Parameters can be in a dictionary and use the from_config
constructor:
config_dict = {"merge_these_atom_types": (), "charge_model": "gasteiger"}
mk_prep = MoleculePreapration.form_config(config_dict)
The configuration dictionary can be written to a JSON file:
import json
with open("my_config.json", "w") as f:
json.dump(config_dict, f)
From command line#
The command line script mk_prepare_ligand.py
can read a JSON file
using the -c
or --config_file
option. The contents of a JSON file
corresponding to the Python example above is:
{"merge_these_atom_types": ["H"], "charge_model": "gasteiger"}
Passing the filename to the script with option -c
:
mk_prepare_ligand.py -i mol.sdf -c my_config.json
Here, mol.sdf
is some file in the current working directory.
Alternatively, each parameter can be passed directly:
mk_prepare_ligand.py -i mol.sdf --charge_model gasteiger --merge_these_atom_types H
Merging hydrogens (or not)#
By default, atoms of type H
are merged. Merging consists of adding
their partial charge to the parent atom, and setting the is_ignore
attribute to True
in the instance of MoleculeSetup
, which in turn
prevents the atom from being written to PDBQT. Since the atoms are merged
based on their atom type, changing the atom typing can change the set of
atoms that is merged.
Option name is merge_these_atom_types
. To prevent merging of any atom
types set the variable to an empty tuple in Python:
mk_prep = MoleculePreparation(merge_these_atom_types=())
or pass no parameters in command line
mk_prepare_ligand.py -i mol.sdf --merge_these_atom_types
Modifying atom types#
Atom typing relies on SMARTS patterns to identify chemical substructures.
AutoDock4 atom types are set by default. The easiest way to modify typing
is to add new SMARTS that will superseed the existing ones. For example, let’s
assume we want to type hydrogens bound to aromatic carbons as HX
. By default,
hydrogens bound to carbon are typed H
. A SMARTS pattern to matches
hydrogen bound to carbon is "[H][c]"
. From command line:
mk_prepare_ligand.py --add_atom_types '[{"smarts": "[H]c", "atype": "HX"}]' -i mol.sdf
We pass a JSON string to --add_atom_types
that is a list of dictionaries. Each
dictionary has a "smarts"
and "atype"
key, and an optional "IDX"
key
that can be used to specify a list of atom indices (0-based) of the atoms in the SMARTS
string that will be typed. By default IDX = [0]
.
The equivalent from Python is:
mk_prep = MoleculePreparation(
add_atom_types=[{"smarts": "c[H]", "atype": "HX", "IDX": [1]}],
)
Note that we swapped the order of the atoms in the SMARTS, and are now
explicitly defining the "IDX"
key to type the second atom in the SMARTS.
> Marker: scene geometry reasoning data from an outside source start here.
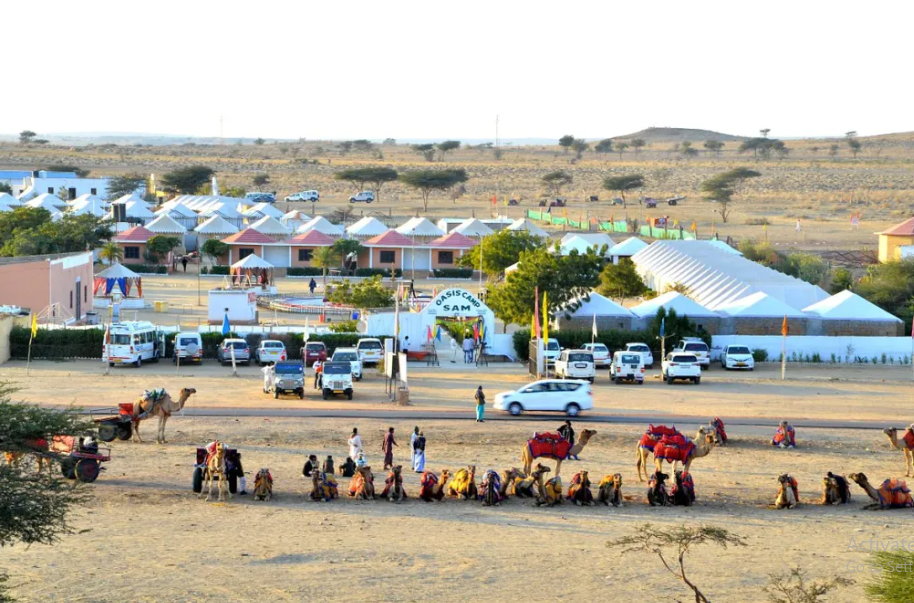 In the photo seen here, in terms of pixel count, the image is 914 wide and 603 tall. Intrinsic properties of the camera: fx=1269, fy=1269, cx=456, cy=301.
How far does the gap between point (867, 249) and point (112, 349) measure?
54.5 metres

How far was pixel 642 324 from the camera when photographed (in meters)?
43.6

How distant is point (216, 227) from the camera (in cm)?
7512

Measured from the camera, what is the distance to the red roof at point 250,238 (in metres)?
70.0

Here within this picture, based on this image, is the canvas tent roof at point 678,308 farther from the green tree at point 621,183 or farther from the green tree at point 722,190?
the green tree at point 621,183

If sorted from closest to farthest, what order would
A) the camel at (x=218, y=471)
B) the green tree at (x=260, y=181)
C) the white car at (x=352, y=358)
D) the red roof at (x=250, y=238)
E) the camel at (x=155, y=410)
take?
the camel at (x=218, y=471) < the camel at (x=155, y=410) < the white car at (x=352, y=358) < the red roof at (x=250, y=238) < the green tree at (x=260, y=181)

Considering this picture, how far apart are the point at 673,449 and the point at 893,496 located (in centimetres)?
383

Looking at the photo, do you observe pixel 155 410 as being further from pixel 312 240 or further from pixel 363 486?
pixel 312 240

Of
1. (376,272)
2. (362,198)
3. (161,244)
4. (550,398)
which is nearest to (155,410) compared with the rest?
(550,398)

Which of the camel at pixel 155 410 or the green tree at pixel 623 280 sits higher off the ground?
the green tree at pixel 623 280

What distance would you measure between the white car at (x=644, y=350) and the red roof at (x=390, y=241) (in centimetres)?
3028

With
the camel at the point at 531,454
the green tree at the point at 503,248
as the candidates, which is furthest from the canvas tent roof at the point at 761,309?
the camel at the point at 531,454

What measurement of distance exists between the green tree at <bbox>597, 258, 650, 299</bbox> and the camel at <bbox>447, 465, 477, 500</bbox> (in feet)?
106

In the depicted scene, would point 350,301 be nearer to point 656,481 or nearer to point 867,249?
point 656,481

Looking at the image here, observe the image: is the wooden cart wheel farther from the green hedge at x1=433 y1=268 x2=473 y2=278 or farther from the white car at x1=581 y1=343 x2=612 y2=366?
the green hedge at x1=433 y1=268 x2=473 y2=278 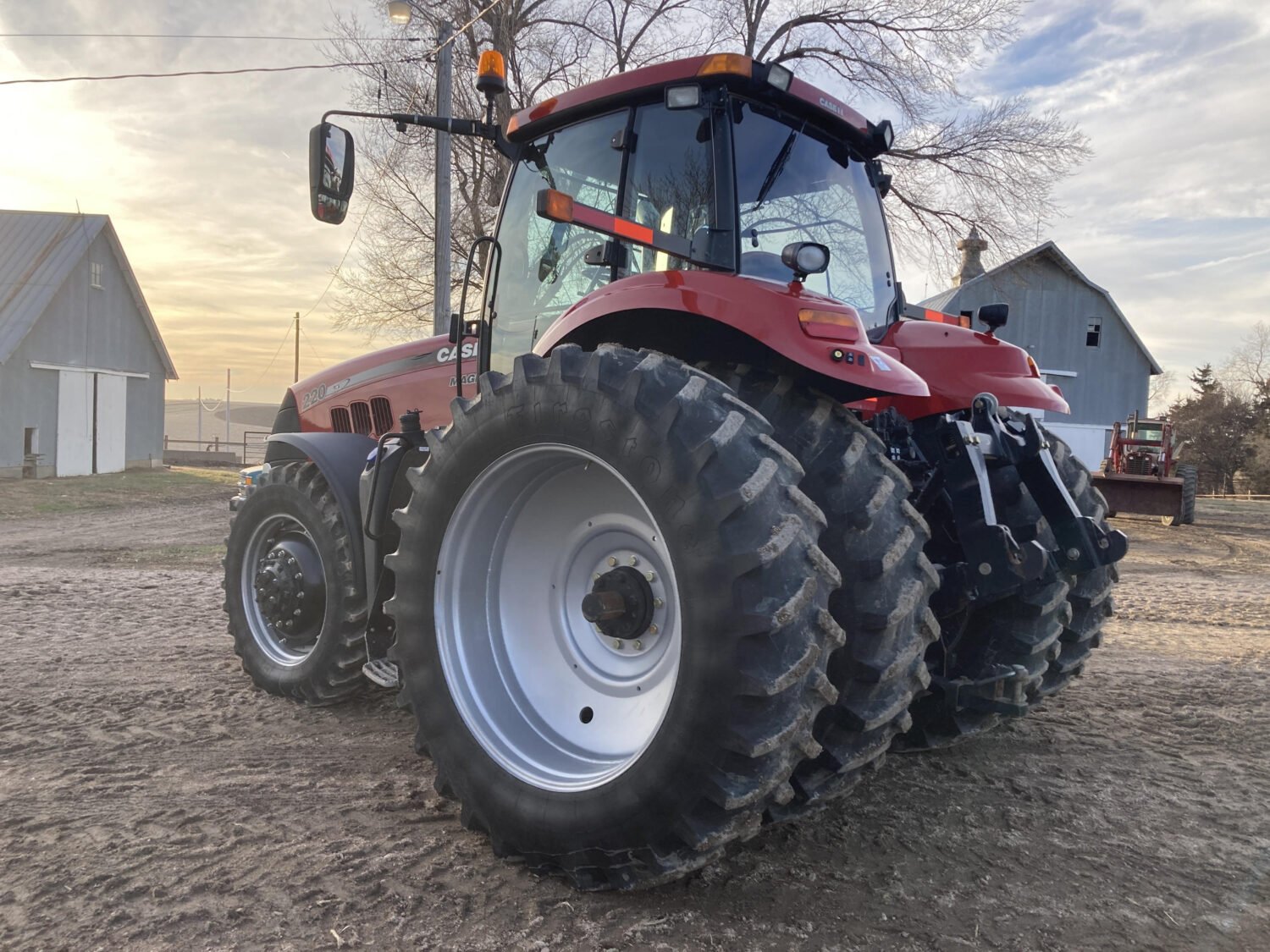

The full set of atom types can also be specified. This can only be done from
Python or by passing the equivalent configuration JSON file to mk_prepare_ligand.py
.
The easiest way to do so, is to put all SMARTS in a JSON file. See the default
file for an example, it is located at meeko/data/params/ad4_types.json
.
The IDX
key can be used as described above. Entries are matched in the
order they appear in the file, the last SMARTS pattern that matches an atom is
the one that determines the atom type.
Then the filename can be passed to option -p/--load_atom_params
.
Rigidifying bonds#
By default, single bonds are made rotatable except bonds in rings and amide bonds. Thioamide and amidine bonds are also not rotatable. Tertiary amides with non-equivalent substituents on the nitrogen are still made rotatable, which often leads to unreasonable geometries, but is necessary to visit both amide rotamers during docking.
Here, we configure Meeko to make single bonds in some conjugated systems rigid,
as defined by the SMARTS "C=CC=C"
, and rigidify all amide bonds matched
by "[CX3](=O)[NX3]"
, which includes tertiary amides but not thioamides or
amidines:
mk_prepare_ligand.py\
--rigidify_bonds_smarts "C=CC=C"\
--rigidify_bonds_indices 2 3\
--rigidify_bonds_smarts "[CX3](=O)[NX3]"\
--rigidify_bonds_indices 1 3\
-i mol.sdf
The equivalent code in Python to initialize the molecule preparator is:
mk_prep = MoleculePreparation(
rigidify_bonds_smarts = ["C=CC=C", "[CX3](=O)[NX3]"],
rigidify_bonds_indices = [(1, 2), (0, 2)],
)
The indices are the indices of the atoms in the SMARTS strings. Note that we use 0-based indices from the Python API, but 1-based indices from the command line script. In a future version of Meeko we may use 0-based indices everywhere.